Deputy editor emeritus, Courthouse News

Marty Baron, former editor of the Boston Globe and The Washington Post, is writing his first book, “Collision of Power,” about the Trump administration and the press. Hallelujah.

I talked to Mr. Baron twice in my life, and here is how the first time went.

I was a reporter and copy editor for The Brownsville Herald in Texas, just across the river from Matamoros, México. It was March 1989. That day the Mexican police busted a gang of mass murderers and drug dealers across the river, at a place called Rancho Santa Elena. Fifteen corpses would be dug up there, some of them missing fleshy parts, including the body of a U.S. pre-med student, Mark Kilroy, who had gone missing on spring break.

When the news broke, I was working on a hot story of my own and had just returned to a nearly empty newsroom. Only our city editor George Cox was there. He filled me in.

I stayed put and knocked out my yarn, taking calls from reporters in the field and spiking wire stories to clear out pages we would fill.

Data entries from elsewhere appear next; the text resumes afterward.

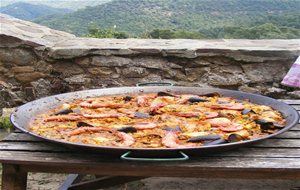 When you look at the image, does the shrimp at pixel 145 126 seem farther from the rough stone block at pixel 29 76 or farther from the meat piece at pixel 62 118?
the rough stone block at pixel 29 76

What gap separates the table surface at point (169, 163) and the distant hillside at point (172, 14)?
9.15 meters

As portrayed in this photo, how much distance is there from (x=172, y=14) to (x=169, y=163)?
37.6ft

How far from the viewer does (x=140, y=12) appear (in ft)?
42.1

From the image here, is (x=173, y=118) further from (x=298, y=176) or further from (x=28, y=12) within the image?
(x=28, y=12)

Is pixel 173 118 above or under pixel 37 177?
above

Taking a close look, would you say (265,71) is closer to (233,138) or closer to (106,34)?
(233,138)

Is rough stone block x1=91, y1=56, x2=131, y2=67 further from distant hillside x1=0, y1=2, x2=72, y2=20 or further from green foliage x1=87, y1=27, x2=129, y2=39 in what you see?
distant hillside x1=0, y1=2, x2=72, y2=20

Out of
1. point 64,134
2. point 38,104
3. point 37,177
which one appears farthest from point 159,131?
point 37,177

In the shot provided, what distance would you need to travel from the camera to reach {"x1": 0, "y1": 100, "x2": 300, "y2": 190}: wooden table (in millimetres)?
1742

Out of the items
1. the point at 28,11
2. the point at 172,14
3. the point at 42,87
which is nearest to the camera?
the point at 42,87

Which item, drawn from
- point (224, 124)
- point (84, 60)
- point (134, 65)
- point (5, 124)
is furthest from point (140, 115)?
point (5, 124)

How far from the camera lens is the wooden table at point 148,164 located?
5.72 feet

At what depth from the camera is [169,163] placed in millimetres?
1738

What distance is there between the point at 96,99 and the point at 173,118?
562 millimetres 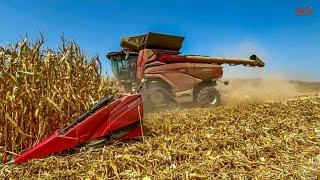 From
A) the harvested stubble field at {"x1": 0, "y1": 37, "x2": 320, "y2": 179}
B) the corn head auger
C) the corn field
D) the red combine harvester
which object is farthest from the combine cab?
the corn head auger

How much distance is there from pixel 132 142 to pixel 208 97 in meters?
9.12

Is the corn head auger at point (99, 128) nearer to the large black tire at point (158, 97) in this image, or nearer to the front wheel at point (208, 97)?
the large black tire at point (158, 97)

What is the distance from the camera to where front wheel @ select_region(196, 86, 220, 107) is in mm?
14883

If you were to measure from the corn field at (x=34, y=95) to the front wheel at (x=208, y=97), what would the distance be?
7945mm

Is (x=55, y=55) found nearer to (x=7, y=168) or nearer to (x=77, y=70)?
(x=77, y=70)

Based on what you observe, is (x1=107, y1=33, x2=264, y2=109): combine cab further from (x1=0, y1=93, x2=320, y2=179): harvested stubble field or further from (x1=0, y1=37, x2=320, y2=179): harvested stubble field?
(x1=0, y1=93, x2=320, y2=179): harvested stubble field

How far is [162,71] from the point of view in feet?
45.9

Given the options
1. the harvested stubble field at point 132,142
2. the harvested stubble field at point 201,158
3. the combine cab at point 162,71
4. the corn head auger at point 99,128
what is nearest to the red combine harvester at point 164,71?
the combine cab at point 162,71

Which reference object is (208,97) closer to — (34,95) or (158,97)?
(158,97)

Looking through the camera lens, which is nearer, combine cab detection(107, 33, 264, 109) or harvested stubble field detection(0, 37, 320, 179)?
harvested stubble field detection(0, 37, 320, 179)

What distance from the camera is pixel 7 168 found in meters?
5.08

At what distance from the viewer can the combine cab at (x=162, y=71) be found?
45.5 ft

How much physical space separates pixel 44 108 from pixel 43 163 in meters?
1.53

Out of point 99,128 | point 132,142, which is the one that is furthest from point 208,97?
point 99,128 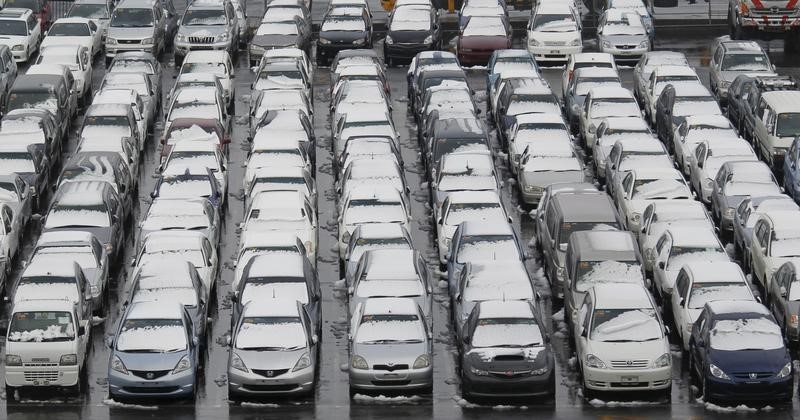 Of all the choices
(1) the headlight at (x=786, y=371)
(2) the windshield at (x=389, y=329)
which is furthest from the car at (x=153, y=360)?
(1) the headlight at (x=786, y=371)

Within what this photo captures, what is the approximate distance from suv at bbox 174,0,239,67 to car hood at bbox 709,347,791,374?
89.6 ft

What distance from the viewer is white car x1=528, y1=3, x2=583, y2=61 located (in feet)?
179

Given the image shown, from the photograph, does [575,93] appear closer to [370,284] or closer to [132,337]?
[370,284]

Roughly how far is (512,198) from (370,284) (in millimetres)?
9216

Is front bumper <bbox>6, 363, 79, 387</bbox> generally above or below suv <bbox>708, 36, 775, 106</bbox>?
below

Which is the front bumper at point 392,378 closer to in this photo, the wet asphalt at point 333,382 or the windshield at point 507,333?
the wet asphalt at point 333,382

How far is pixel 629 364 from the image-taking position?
1230 inches

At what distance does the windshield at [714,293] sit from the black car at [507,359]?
10.1 ft

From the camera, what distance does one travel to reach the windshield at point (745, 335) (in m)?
31.1

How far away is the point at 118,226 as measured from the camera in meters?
38.9

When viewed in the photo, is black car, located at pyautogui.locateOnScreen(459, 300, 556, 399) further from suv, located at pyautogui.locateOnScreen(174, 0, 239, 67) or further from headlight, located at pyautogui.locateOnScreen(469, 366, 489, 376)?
suv, located at pyautogui.locateOnScreen(174, 0, 239, 67)

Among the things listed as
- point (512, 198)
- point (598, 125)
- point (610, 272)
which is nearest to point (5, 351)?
point (610, 272)

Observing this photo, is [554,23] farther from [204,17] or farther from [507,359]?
[507,359]

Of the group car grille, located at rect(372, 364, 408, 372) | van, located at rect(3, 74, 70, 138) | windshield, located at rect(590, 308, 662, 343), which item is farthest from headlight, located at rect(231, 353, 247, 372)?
van, located at rect(3, 74, 70, 138) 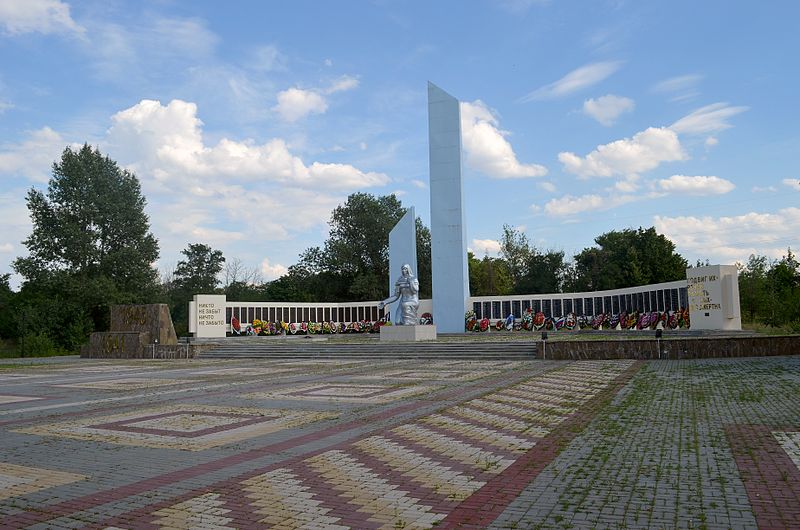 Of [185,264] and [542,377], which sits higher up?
[185,264]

Waiting for our reporters to return with a deluge of copy, I called in a tip to the Boston Globe, and who should answer but Marty Baron. Neither of us knew the other from Adam.

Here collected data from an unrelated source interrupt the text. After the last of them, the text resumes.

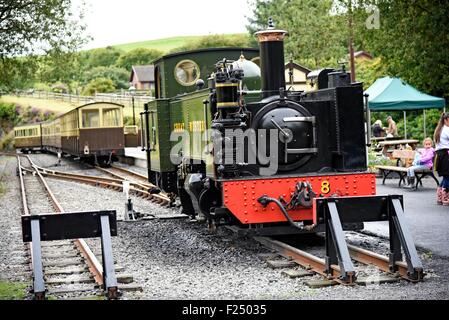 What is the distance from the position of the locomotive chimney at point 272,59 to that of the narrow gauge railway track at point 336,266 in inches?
80.2

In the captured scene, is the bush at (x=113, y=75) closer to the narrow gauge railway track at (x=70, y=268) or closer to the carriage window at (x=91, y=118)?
the carriage window at (x=91, y=118)

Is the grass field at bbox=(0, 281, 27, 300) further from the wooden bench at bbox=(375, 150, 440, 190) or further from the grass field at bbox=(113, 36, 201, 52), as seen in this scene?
the grass field at bbox=(113, 36, 201, 52)

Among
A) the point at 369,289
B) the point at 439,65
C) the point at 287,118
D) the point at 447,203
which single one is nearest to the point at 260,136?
the point at 287,118

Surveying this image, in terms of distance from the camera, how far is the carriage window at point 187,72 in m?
13.3

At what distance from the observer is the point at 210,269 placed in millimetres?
8984

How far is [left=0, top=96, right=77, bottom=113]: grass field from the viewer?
74.6 meters

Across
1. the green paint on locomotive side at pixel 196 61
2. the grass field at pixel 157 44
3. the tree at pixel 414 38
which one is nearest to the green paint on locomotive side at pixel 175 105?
the green paint on locomotive side at pixel 196 61

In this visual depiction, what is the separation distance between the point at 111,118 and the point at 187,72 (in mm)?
21016

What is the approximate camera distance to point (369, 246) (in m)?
10.2

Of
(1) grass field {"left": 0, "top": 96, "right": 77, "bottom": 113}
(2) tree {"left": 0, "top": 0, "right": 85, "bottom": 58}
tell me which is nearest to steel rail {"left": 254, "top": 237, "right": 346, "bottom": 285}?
(2) tree {"left": 0, "top": 0, "right": 85, "bottom": 58}

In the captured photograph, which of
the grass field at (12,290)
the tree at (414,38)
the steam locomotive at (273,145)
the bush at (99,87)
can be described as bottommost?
the grass field at (12,290)

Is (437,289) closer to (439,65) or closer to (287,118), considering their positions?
(287,118)

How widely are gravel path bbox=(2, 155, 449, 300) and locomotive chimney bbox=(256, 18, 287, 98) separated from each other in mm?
2126

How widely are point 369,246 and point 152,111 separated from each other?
5.56 metres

“I’m calling from the Brownsville Herald in Texas,” I said. “Mexican police just busted a gang of mass murderers who apparently killed a U.S. pre-med student who’s been missing since spring break. Mexican federal police say the gang leader is a charismatic homosexual drug dealer who thinks he’s a witch and paid off city and state cops to run hundreds of pounds of drugs across the border, and he apparently … umm … ate some of his victims.”

It was late afternoon in Brownsville — getting close to copy deadline in Boston.

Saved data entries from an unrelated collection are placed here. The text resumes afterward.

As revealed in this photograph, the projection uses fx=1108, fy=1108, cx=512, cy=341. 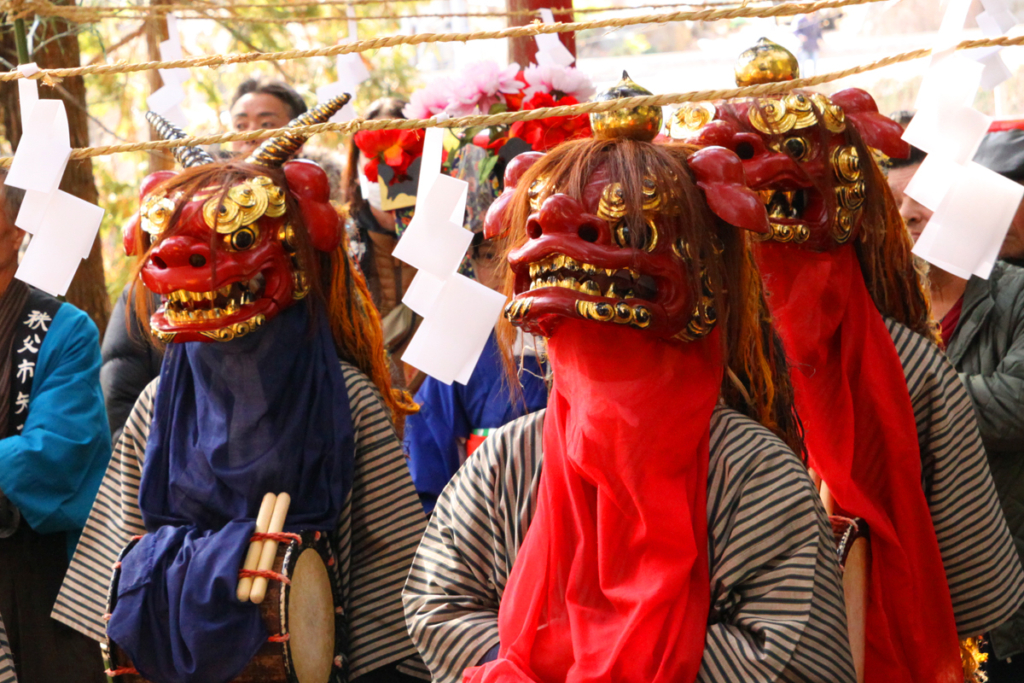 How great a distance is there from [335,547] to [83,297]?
1983 mm

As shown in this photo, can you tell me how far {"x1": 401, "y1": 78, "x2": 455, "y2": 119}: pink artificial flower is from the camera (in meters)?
3.14

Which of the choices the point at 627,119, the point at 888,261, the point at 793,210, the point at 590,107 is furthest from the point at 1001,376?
the point at 590,107

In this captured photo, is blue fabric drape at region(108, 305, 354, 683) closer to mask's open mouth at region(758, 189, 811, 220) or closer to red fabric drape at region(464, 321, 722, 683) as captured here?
red fabric drape at region(464, 321, 722, 683)

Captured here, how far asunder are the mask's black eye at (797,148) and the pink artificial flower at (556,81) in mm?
845

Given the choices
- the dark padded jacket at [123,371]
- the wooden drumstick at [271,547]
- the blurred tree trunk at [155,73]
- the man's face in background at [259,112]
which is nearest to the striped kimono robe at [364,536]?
the wooden drumstick at [271,547]

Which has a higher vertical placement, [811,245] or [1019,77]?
[811,245]

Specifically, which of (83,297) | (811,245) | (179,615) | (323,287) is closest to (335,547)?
(179,615)

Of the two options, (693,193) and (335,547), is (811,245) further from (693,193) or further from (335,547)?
(335,547)

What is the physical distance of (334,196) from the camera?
392 centimetres

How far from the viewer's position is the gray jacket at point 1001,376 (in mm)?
2805

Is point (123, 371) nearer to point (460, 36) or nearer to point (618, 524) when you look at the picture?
point (460, 36)

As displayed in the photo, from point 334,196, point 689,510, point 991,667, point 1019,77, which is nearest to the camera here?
point 689,510

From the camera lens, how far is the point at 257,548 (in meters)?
2.32

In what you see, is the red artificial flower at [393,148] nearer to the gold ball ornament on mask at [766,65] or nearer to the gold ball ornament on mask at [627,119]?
the gold ball ornament on mask at [766,65]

“Can you get us something short to run today, just a few grafs, and we can do a takeout tomorrow?”

“Sure.”

“But don’t sensationalize it,” Marty Baron said.

“Umm,” I said. “How could I sensationalize a drug-dealing, homosexual, mass-murderer cannibal who think he’s a witch?”

That ended our first conversation.

I sent him the short and followed it up the next day, and Mr. Baron sent me a check for more than my month’s salary at the Herald, which was paying me $6 an hour.

So I’m a fan of Marty Baron. Not just for the money, but because his instincts were good:

“Don’t sensationalize it.”

Few editors become famous. Whether that’s as it should be, I know not.

Maxwell Perkins edited the terse Hemingway, the loquacious F. Scott Fitzgerald, and the running-off-at-the mouth Thomas Wolfe. Perkins became semi-famous, posthumously. Which, I guess, is as it should be.

Edgar Allan Poe was a terrific editor, though that’s not what made him famous, and I’m pretty sure I wouldn’t have liked to work for him. But he taught me a lot, long after he was dead. (See: The Poetic Principle, and The Philosophy of Composition.)

As for editors I’ve known, my favorite was Charlie Hand. Charlie hired me 33 years ago to work for a string of weeklies in San Bernardino County, on the strength, or weakness, of a few freelance articles I’d sent him. My first morning on the job, Charlie tossed me a black-and-white photo and said, “Write me a cutline for that in 10-point Bookman, with a 14-point bold italic kicker.”

And I replied: “What the fuck are you talking about?”

Charlie’s gone now, but if he were alive, and this column came out in print, I’m sure Charlie would blow his nose on it. “Too long, Kahn,” he’d say. “What’s your point?”

And I would reply, in the old newsman cliché: “I didn’t have time to make it shorter.”

Charlie taught me another thing about being an editor, when he stood by me — in a way.

Came the day the publisher — the boss — strode into the newsroom and told Charlie he wanted a piece on the school board race — and how to write it. Oh, by the way, the boss’s wife was running for the school board.

Charlie nodded and said, “Sure, man.”

The boss went back to the ad section. Charlie said nothing. After a minute or so, I asked, “Uhh, Charlie?”

He looked at me across our facing desks. We were working on Apple’s first desktops: words on a small green screen, in yellow type.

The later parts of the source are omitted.